> Instructions for the task: Print the data that follows word for word, leaving out any picture.

---------- Given information ----------

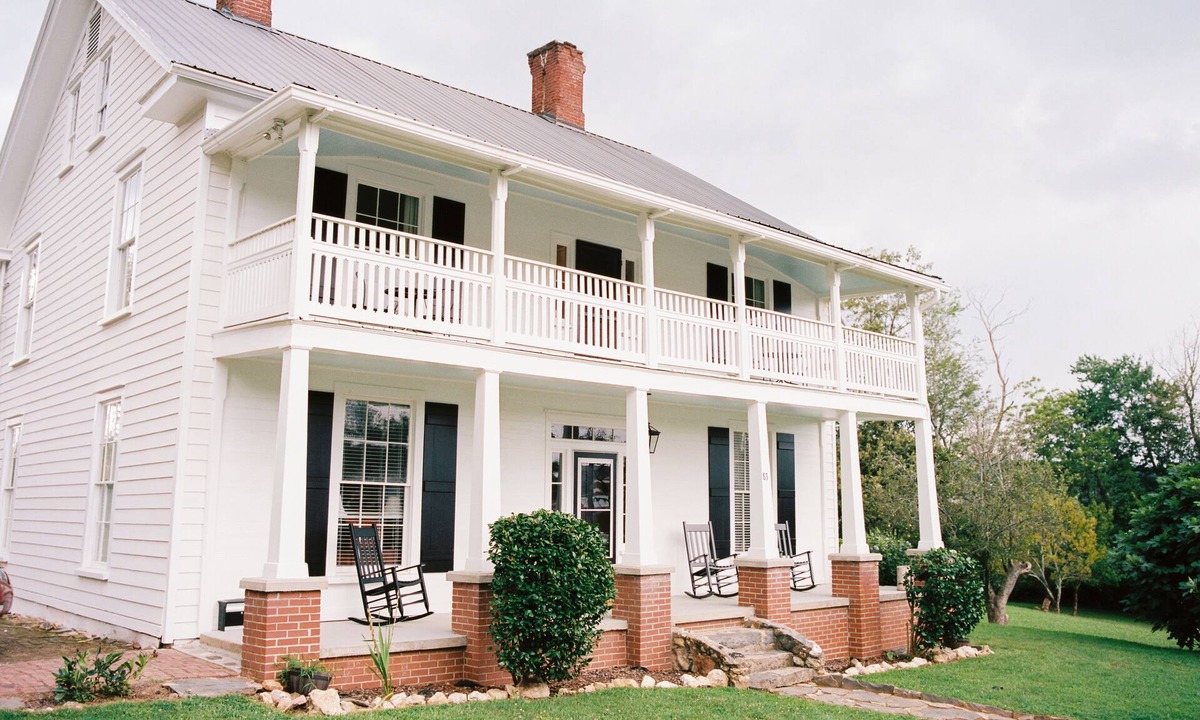 Dahlonega House | Quintessential Farmhouse Experience In The Heart Of Downtown Dahlonega.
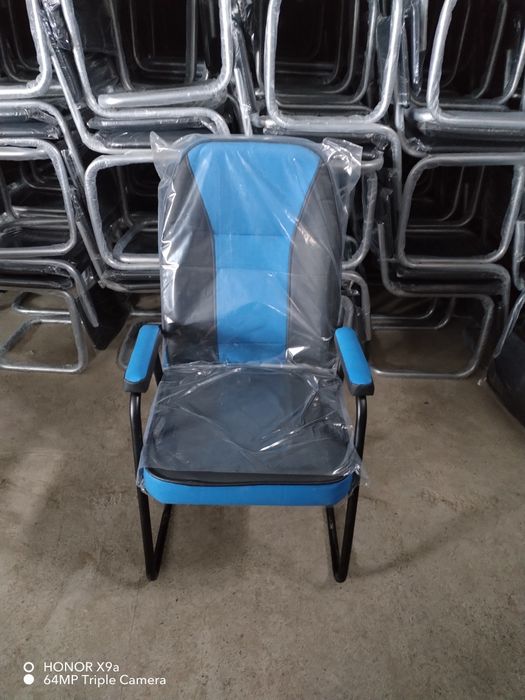 Kampyuterniy kreslo VZITOR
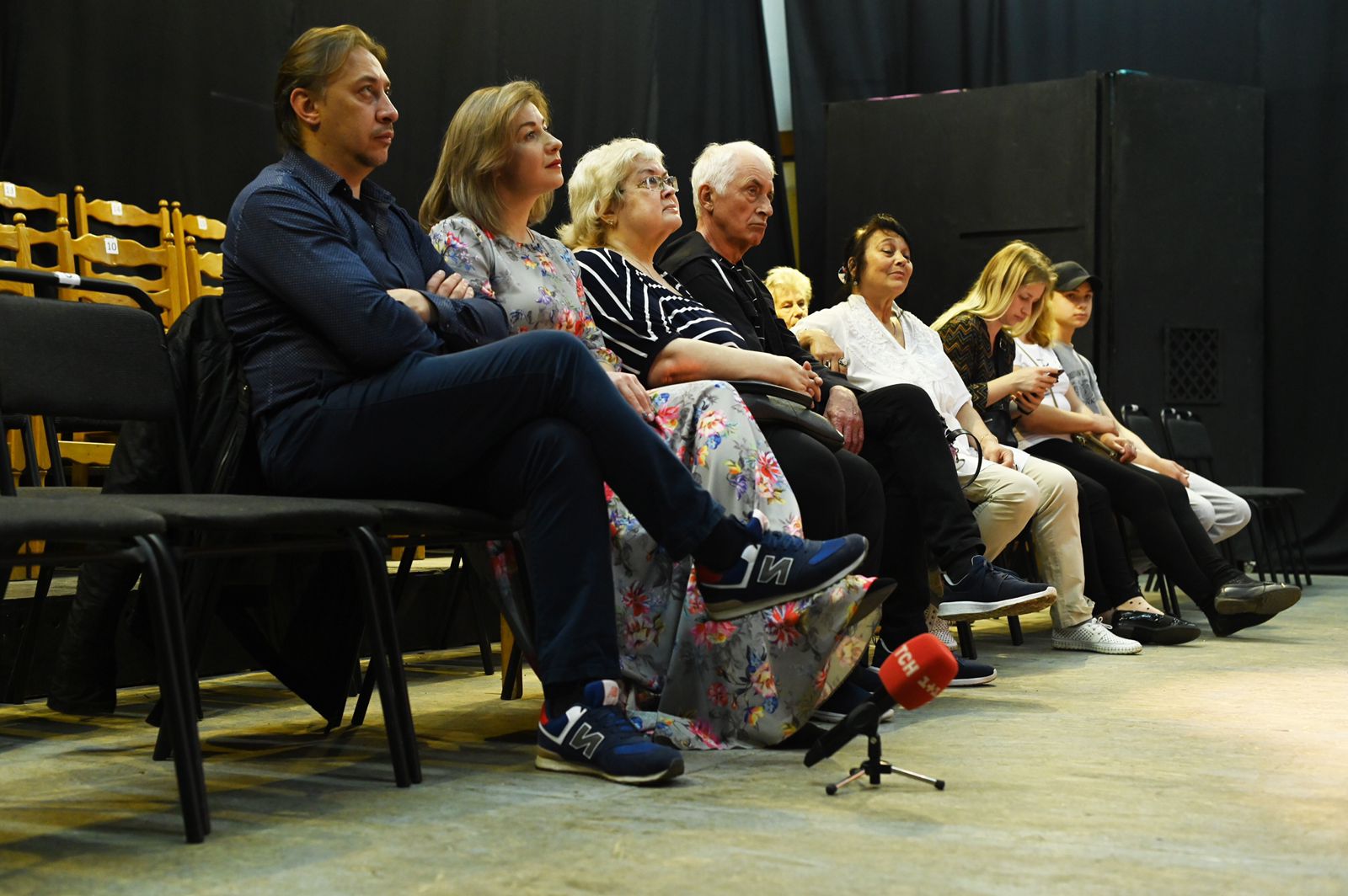 Актори Маріупольського драмтеатру провели першу репетицію в Ужгороді (ФОТО)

----------

> Solution for this exercise:
 Dahlonega House | Quintessential Farmhouse Experience In The Heart Of Downtown Dahlonega.
 Kampyuterniy kreslo VZITOR
 Актори Маріупольського драмтеатру провели першу репетицію в Ужгороді (ФОТО)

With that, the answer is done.